O Tribunal Superior Eleitoral (TSE) julgou improcedente a representação do Ministério Público Eleitoral (MPE) contra o governador de São Paulo, Alberto Goldman, por suposta propaganda eleitoral antecipada em favor do candidato do PSDB à Presidência da República, José Serra. A ministra Nancy Andrighi analisou as transcrições dos discursos de Goldman e decidiu, em sua sentença, que não se caracteriza propaganda eleitoral antecipada.

MARÍLIA LOPES, Agência Estado

07 de outubro de 2010 | 10h42

O MPE acusa Goldman de fazer, desde sua posse no cargo, em abril deste ano, propaganda eleitoral em benefício de Serra. O MPE alega que, em seus pronunciamentos, o governador detalhava a responsabilidade de seu antecessor na idealização e implementação dos projetos, obras e contratos realizados, "destacando a sua competência como administrador público e compromisso com a população".

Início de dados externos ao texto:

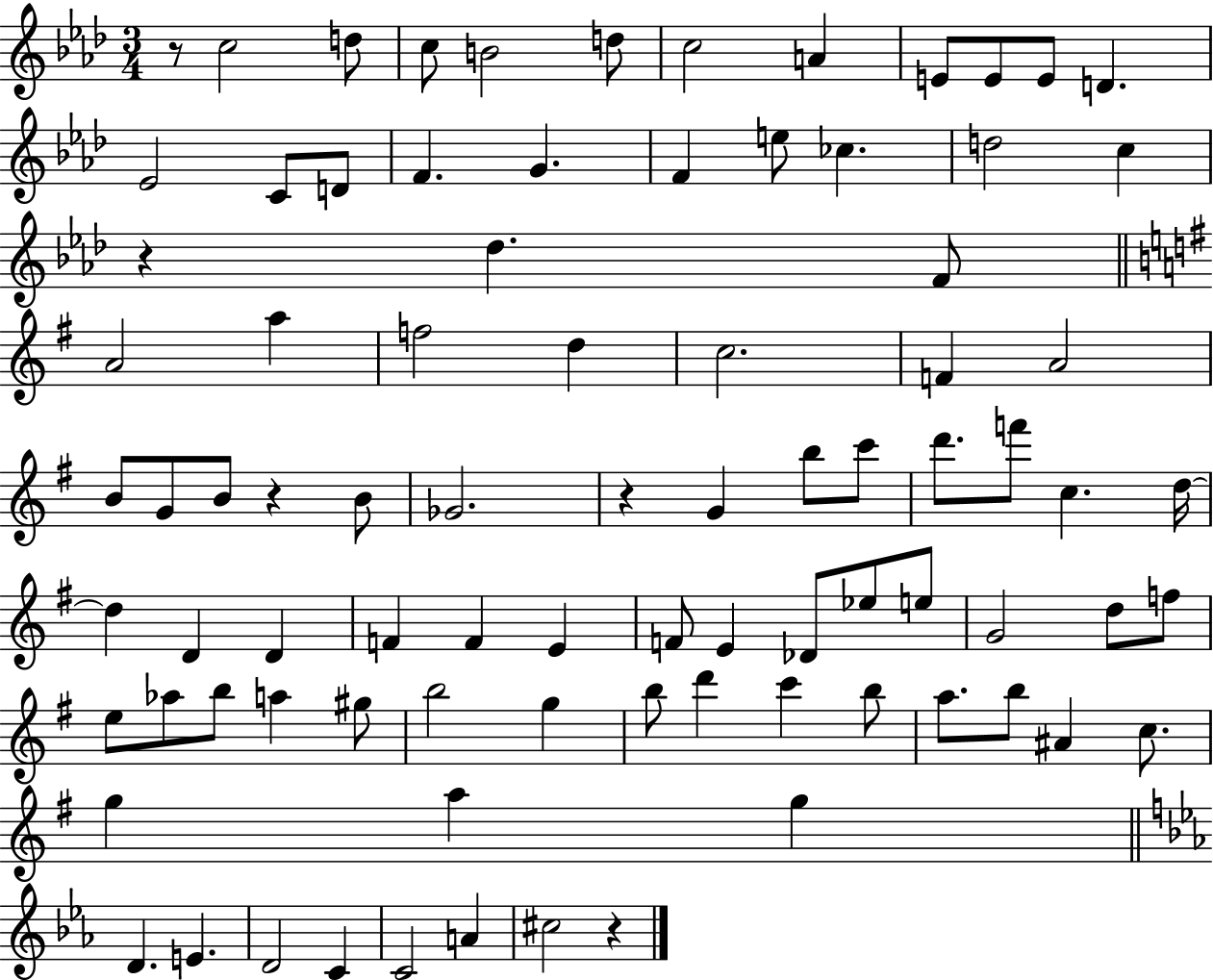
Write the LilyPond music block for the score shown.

Em sua defesa, Goldman afirma que nenhum de seus discursos contém referência às eleições ou pedidos de votos em favor de Serra. Segundo ele, apenas a desincompatibilização de Serra para justificar a sua ascensão ao cargo de governador.

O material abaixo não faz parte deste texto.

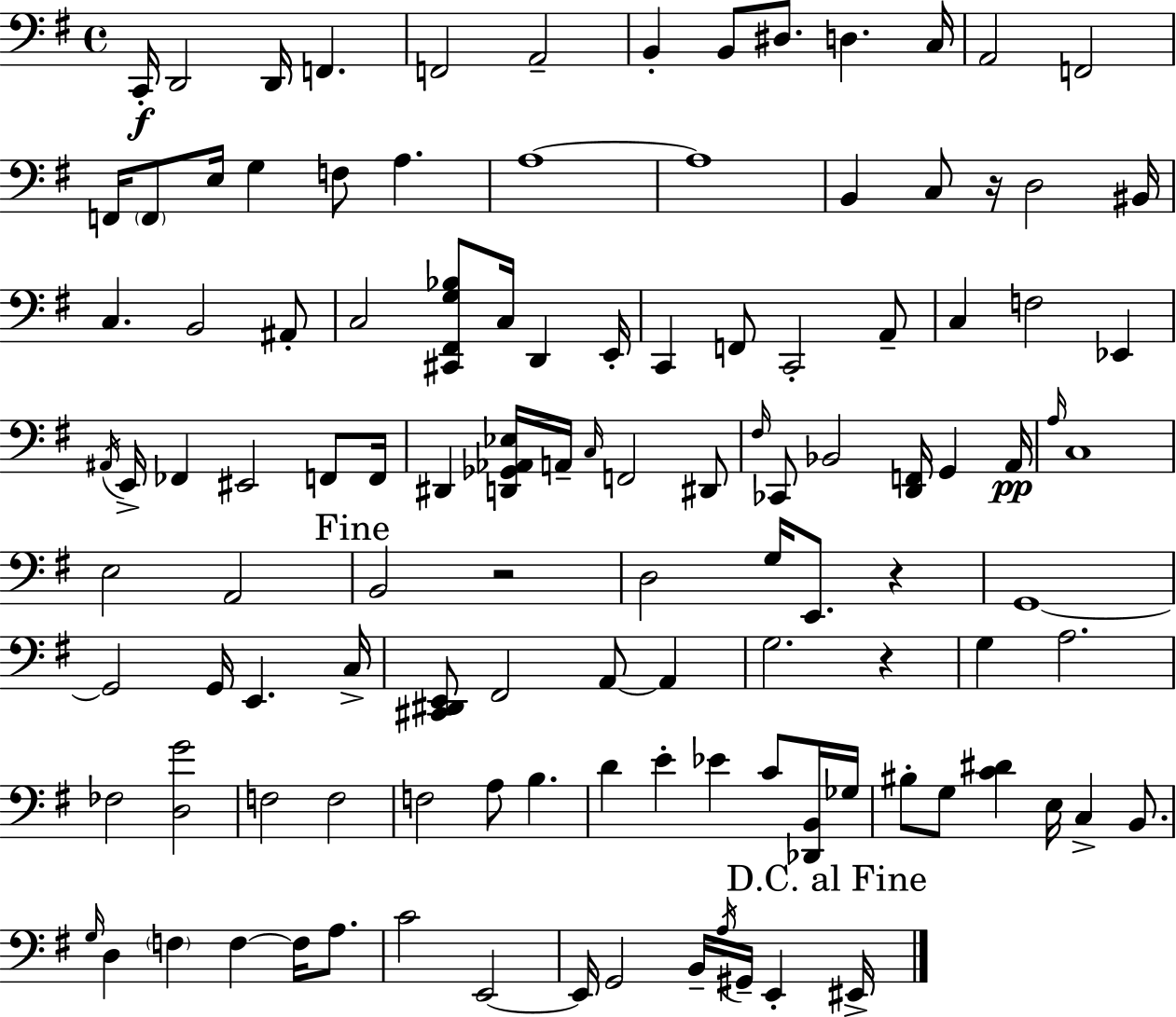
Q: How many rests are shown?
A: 4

Em sua decisão, a ministra afirma que a identificação em discurso de que Serra seria candidato à Presidência da República, ainda que por via indireta, não é suficiente para caracterizar propaganda eleitoral antecipada. "Seria necessário apontá-lo como o mais apto para a função de Presidente da República, o que não ocorreu na hipótese", diz a ministra.

Por lei, é proibido propaganda eleitoral antes do dia 6 de julho do ano das eleições. O descumprimento da regra pode levar a multa que varia de R$ 5 mil a R$ 25 mil.